Kepala Seksi Pelayanan dan Fasilitas Pengembangan Ekosistem Ekonomi Haji dan Umrah Kemenhaj dan Umrah Samarinda Muhammad Djuni menjelaskan jemaah akan mendapatkan layanan lengkap sejak berada di embarkasi hingga sebelum keberangkatan ke Arab Saudi.
“Di embarkasi, jemaah akan memperoleh gelang identitas, paspor dan visa, living cost, makan dan minum, serta pembinaan manasik sebelum berangkat,” ujarnya, Minggu 5 April 2026.
Selain fasilitas administrasi dan konsumsi, jemaah juga akan mendapatkan pembinaan lanjutan, khususnya bagi ketua regu dan ketua rombongan, guna memastikan koordinasi berjalan optimal selama di Tanah Suci.
Dari sisi kesehatan, Djuni mengungkapkan bahwa terdapat sejumlah jemaah yang masuk kategori risiko tinggi. Meski demikian, kondisi tersebut dinilai masih dapat ditangani dengan baik karena sebagian besar jemaah didampingi oleh keluarga atau pendamping.
“Memang ada yang risiko tinggi, tapi alhamdulillah banyak yang mendampingi sehingga memudahkan petugas dalam melakukan pemantauan,” jelasnya.

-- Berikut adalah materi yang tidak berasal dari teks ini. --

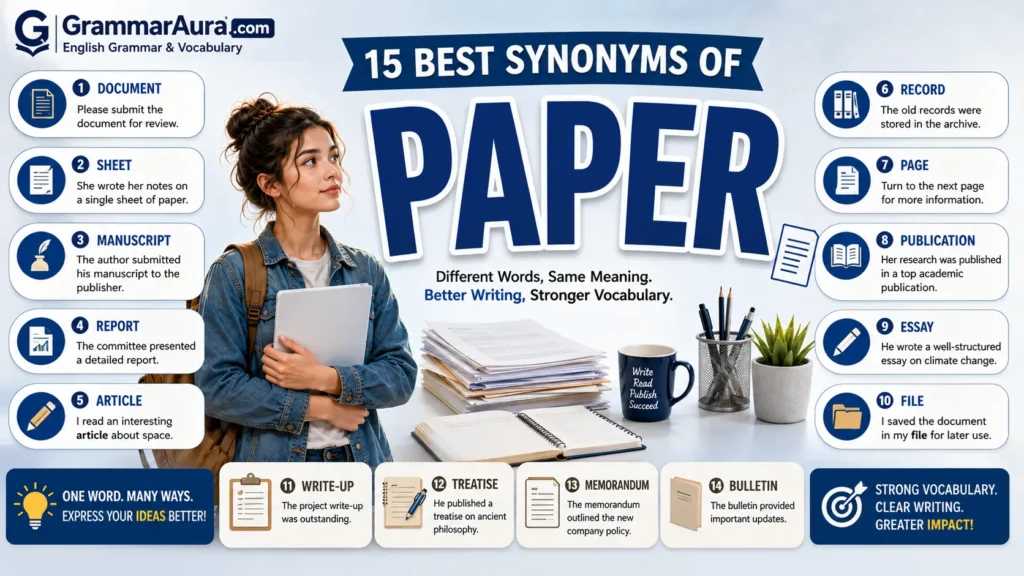 Best Synonyms of ‘Paper’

Untuk mendukung pelayanan, sebanyak 18 petugas haji dari Samarinda disiapkan. Setiap kloter akan didampingi empat petugas yang terdiri dari ketua kloter, pembimbing ibadah, dokter, serta tenaga medis.
“Per kloter ada empat petugas, termasuk dokter dan tenaga medis. Total sekitar 18 petugas dari Samarinda,” ungkapnya.
Di antara ribuan jemaah tersebut, terdapat jemaah tertua berusia 88 tahun atas nama Saleha. Sementara jemaah termuda berusia 17 tahun Muhammad Fahri, yang berangkat menggantikan orang tuanya yang telah meninggal dunia.
“Yang paling sepuh 88 tahun, dan yang termuda 17 tahun karena menggantikan orang tuanya,” katanya.
Kemenhaj dan Umrah juga mengingatkan jemaah untuk menjaga kondisi kesehatan menjelang keberangkatan serta mematuhi aturan selama berada di Arab Saudi agar ibadah berjalan lancar.
“Kami berharap jemaah menjaga kesehatan dan mematuhi aturan yang berlaku di sana agar seluruh rangkaian ibadah dapat dijalankan dengan baik,” harap Djuni.